Yet, not only was MBC, a public broadcaster, allowed to air that live and rebroadcast it after the 8 pm news bulletin but it also included the item in its bulletin, despite being obviously in bad taste. Reason? Malewezi doesn’t deserve respect because he resigned from UDF and joined opposition PPM. Campaign, the Muluzi style.
Surprisingly, despite that the Communications Act doesn’t allow the electronic media to take sides in campaign coverage and that the Electoral Commission’s own code of conduct demands that the media balances its coverage of election campaigns, avoiding mudslinging and giving the other party the right to reply, Muluzi’s conduct didn’t worry the Electoral Commission.
Instead, it is so worried with the Public Affairs Committee (PAC) and its affiliates—Blantyre Synod and Catholic Commission for Justice and Peace (CCJP) and the Episcopal Conference of Malawi—that it has decided to remove them from the list of NGOs accredited to conduct civic and voter education. Why? Their members facilitated the setting up of the Mgwirizano Coalition by the opposition. Therefore, they are biased.
Could the real reason be that Muluzi has openly expressed concern that the Church doesn’t favour the UDF/Aford coalition and is therefore likely to be biased towards the opposition? Electoral Commission has had problems with PAC before and it later turned out that the concerns, ably articulated as the EC’s own, were actually contained in a letter from UDF Secretary General Kennedy Makwangwala.

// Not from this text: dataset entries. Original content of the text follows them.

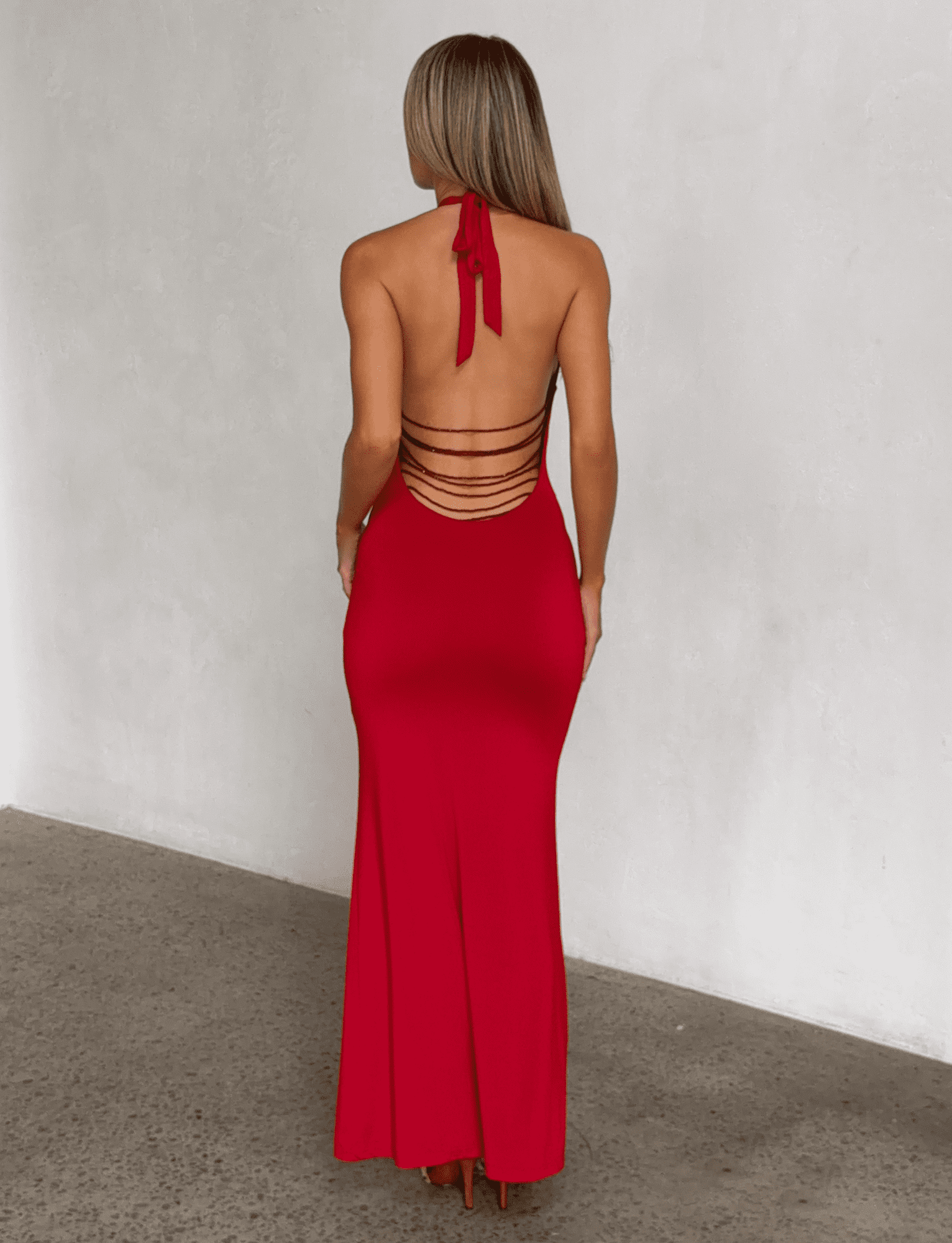 TM18272_SOLYNEMAXIDRESS_RED_4.png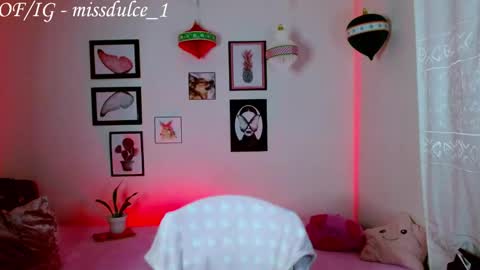 Snapshot of dulcemaria_alvarez22 chatting on 12-19-25, 08:10 Dulce online show from 12-19-25, 08:10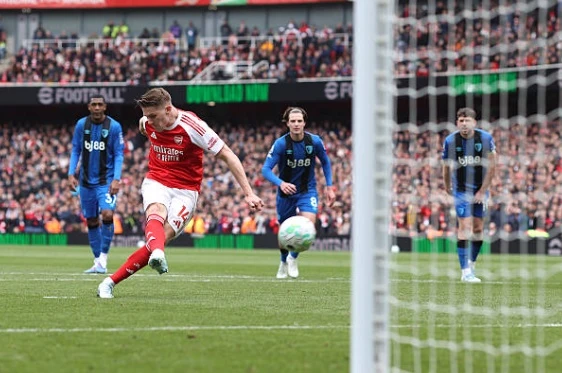 Thua sốc Bournemouth, Arsenal hụt hơi trong cuộc đua vô địch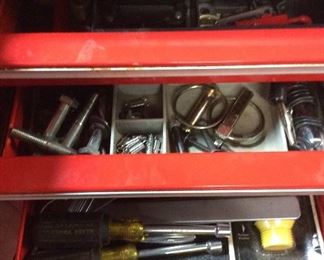SNAP ON TOOL CAB, TOOL BOX, HAND TOOLS, SOCKETS, RATCHETS, KLEIN, CRAFTSMAN, 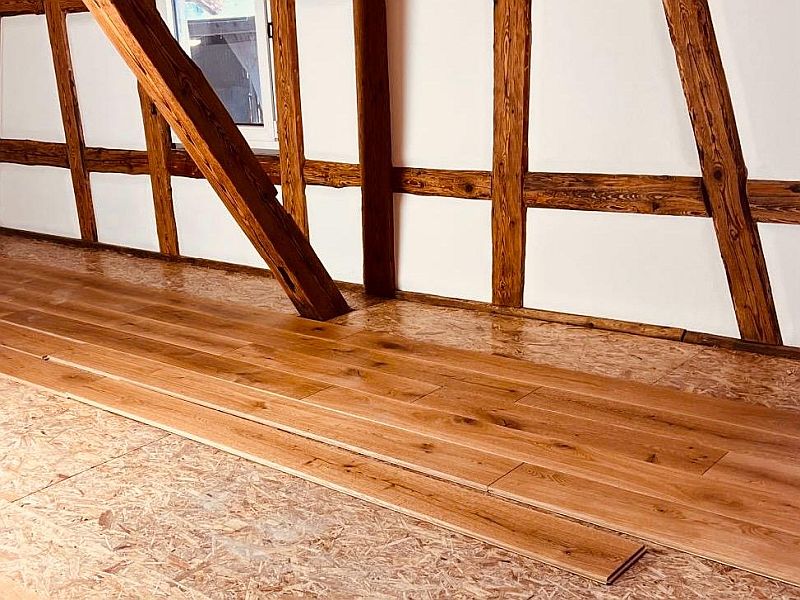 4b762fb3-aea1-4caf-8261-86d054ab3005 Ein geräumiger Dachboden mit Sichtbalken und neu verlegtem Parkettboden strahlt rustikalen Charme aus.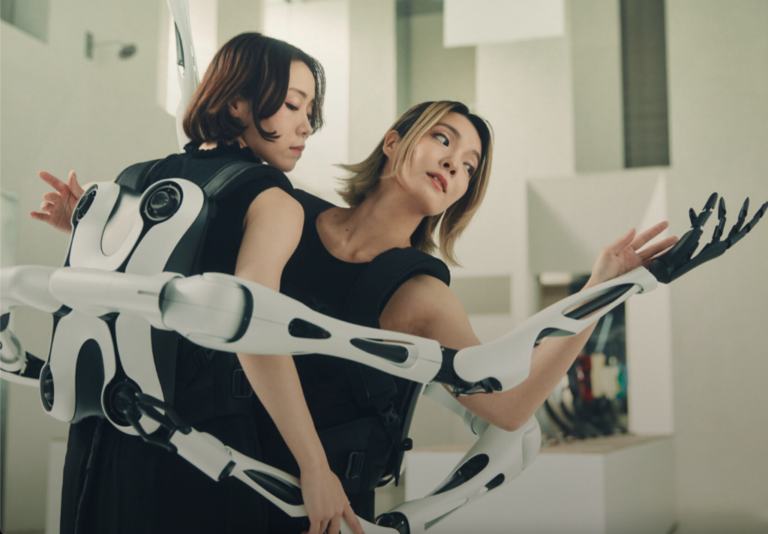 Read more about the article Una mochila con seis brazos robóticos: la idea de unos investigadores para una sociedad “cyborg” del futuro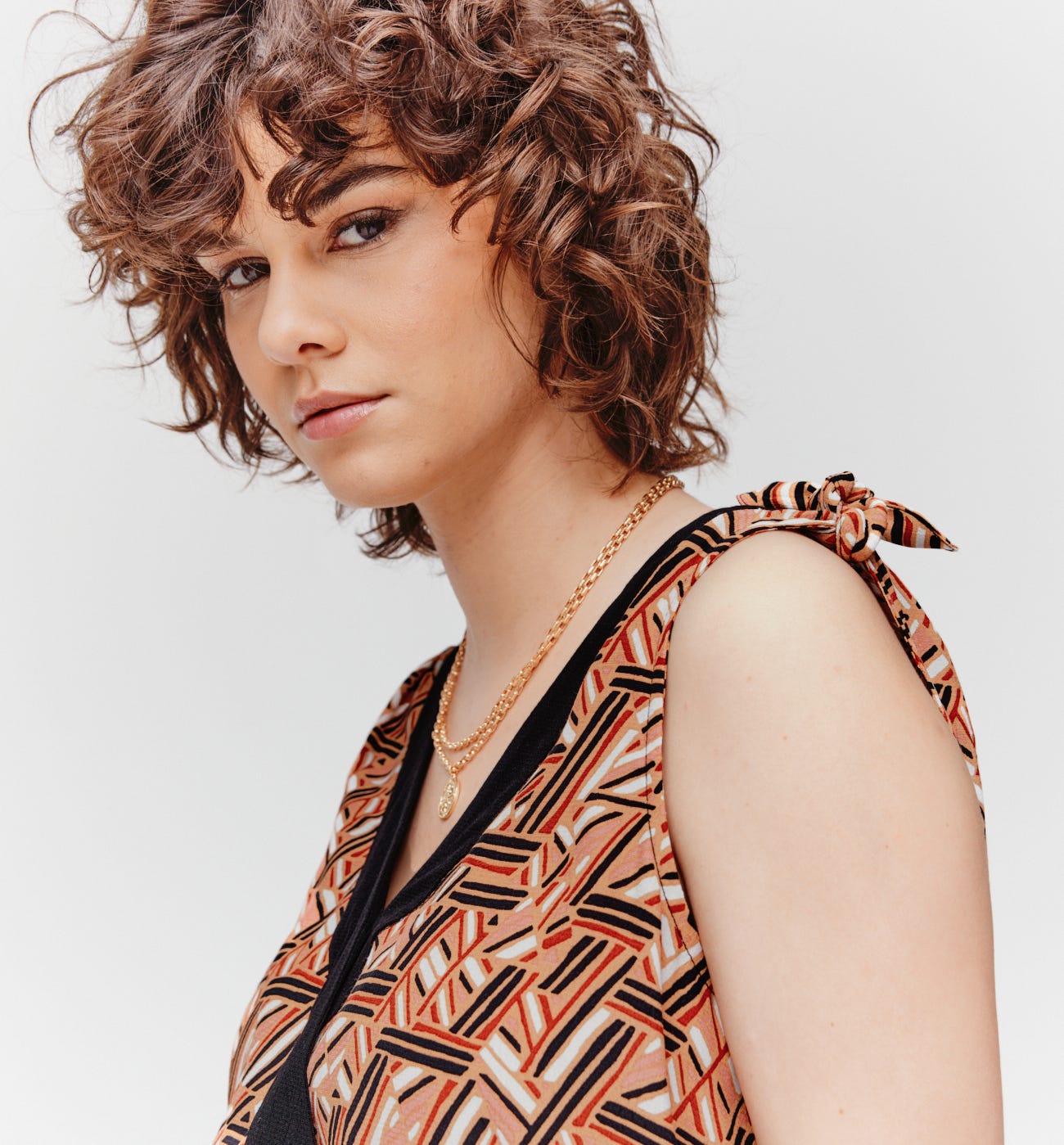 Sleeveless patterned dress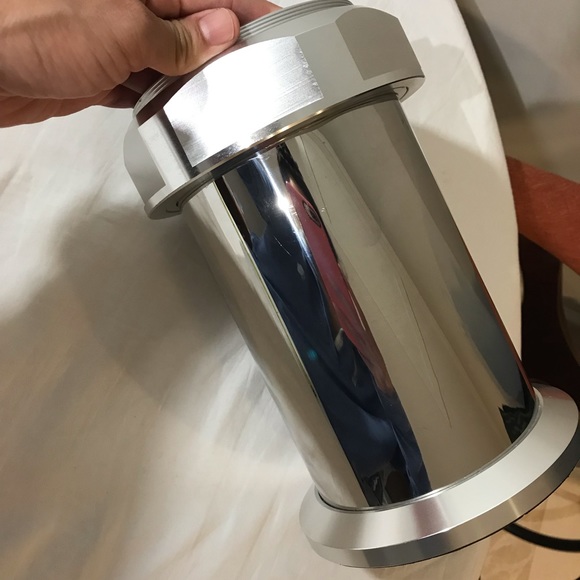 AutoArt 🍷 Racing Car Center Lock Wheel Nut Aluminum Wine Cooler Chiller Metal - Picture 3 of 14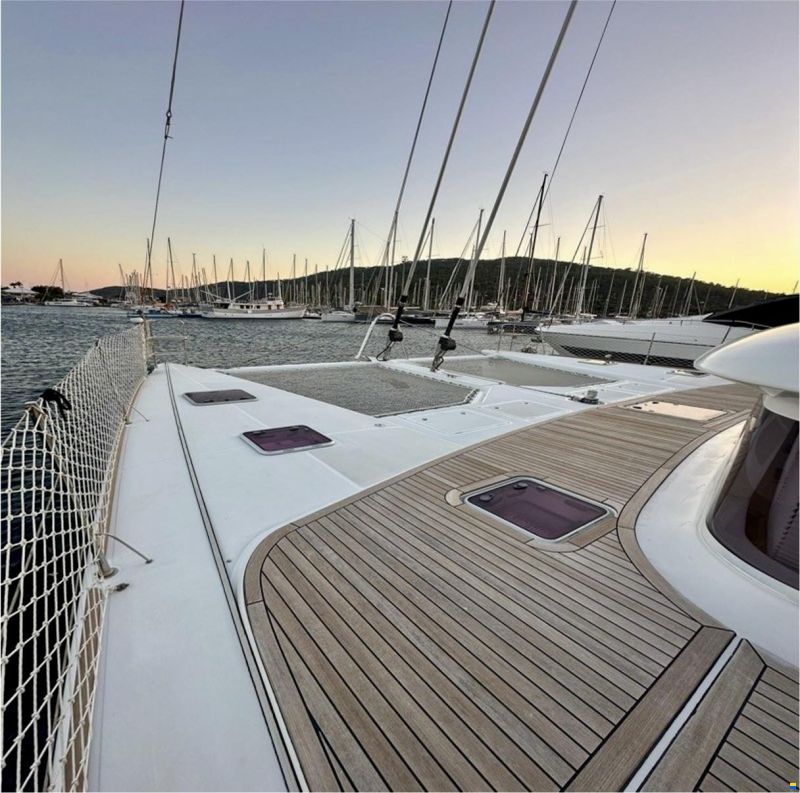 Lagoon 620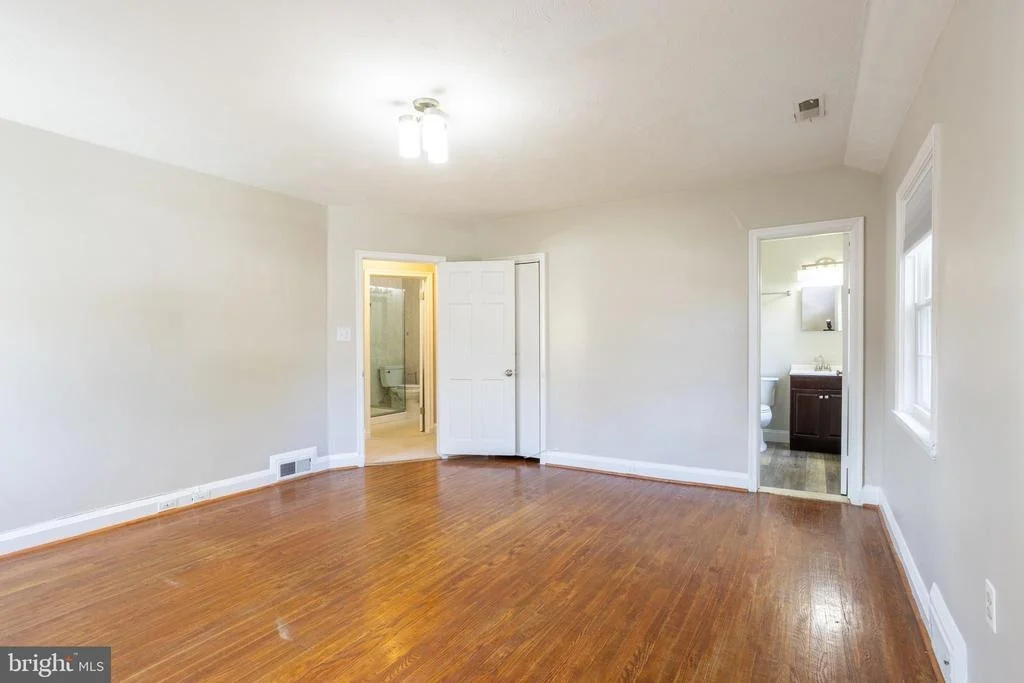 Photo of 3306 LABYRINTH ROAD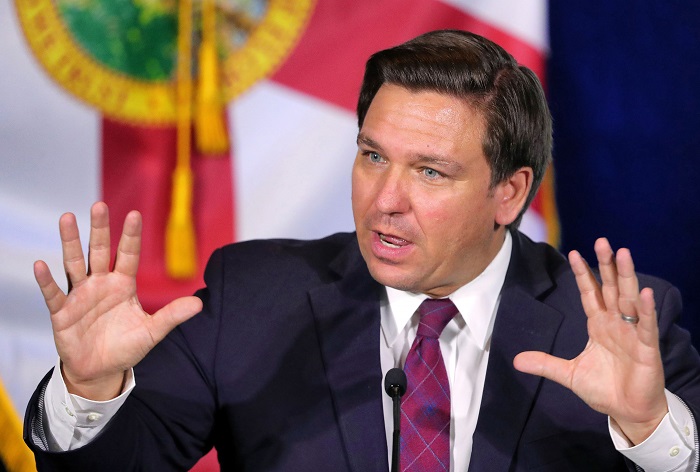 Ron Desantis in online news & headlines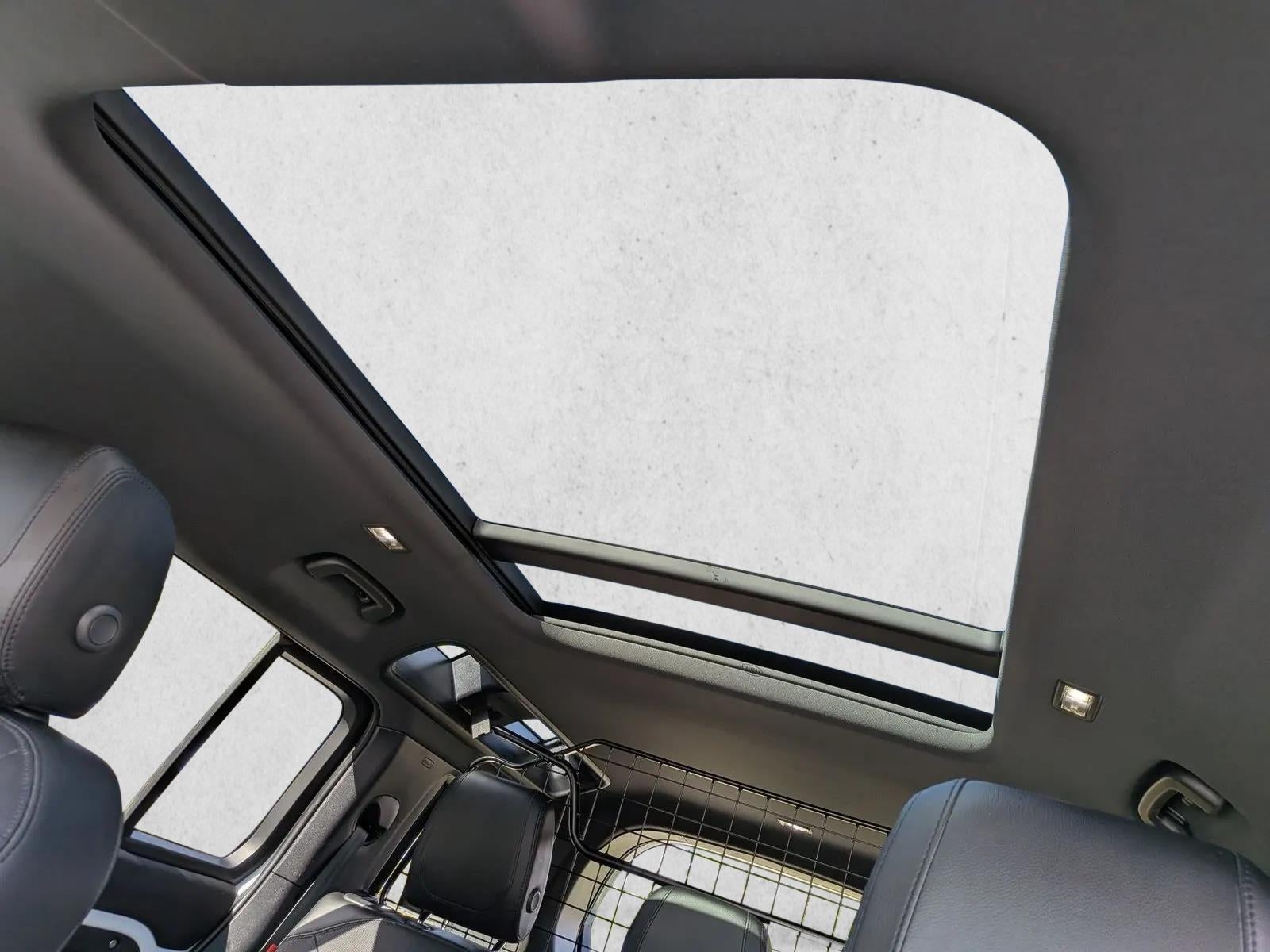 2024 Land Rover Defender 110 P400 X-Dynamic SE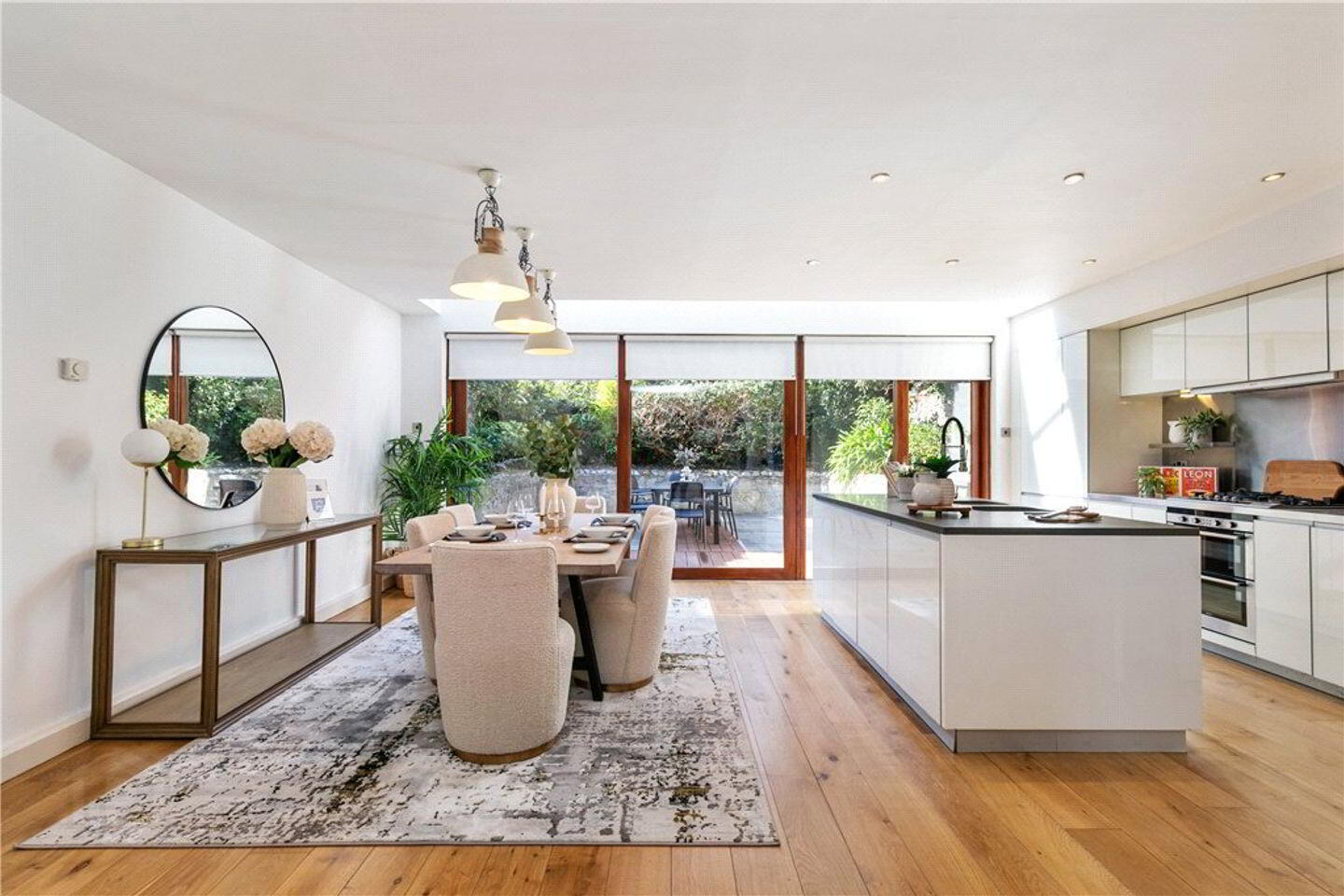 Cove Villa, 1A Lower Albert Road 2 of 26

Assuming that the scheme to remove the Church NGOs is carried out, then there will obviously be a problem of reaching out to the rural masses with civic and voter education. These are the institutions that permeate the rural. So, without them, we can only expect a substantial increase in null-and-void votes.
But isn’t it ridiculous that the whole hullabaloo about lack of objectivity is unsubstantiated? The Electoral Commission should’ve based their concern on actual cases of bias in the conduct of civic and voter education. That way, not only would it be justified to drop them from the list but the actual culprits would also have to end up in jail.
But basing it on Muluzi’s concern only helps reinforce the perception that the Electoral Commission itself takes sides. And if perceptions were a valid basis for action, why is Justice James Kalaile still with the Electoral Commission when he is perceived by the opposition and some NGOs as being pro-UDF?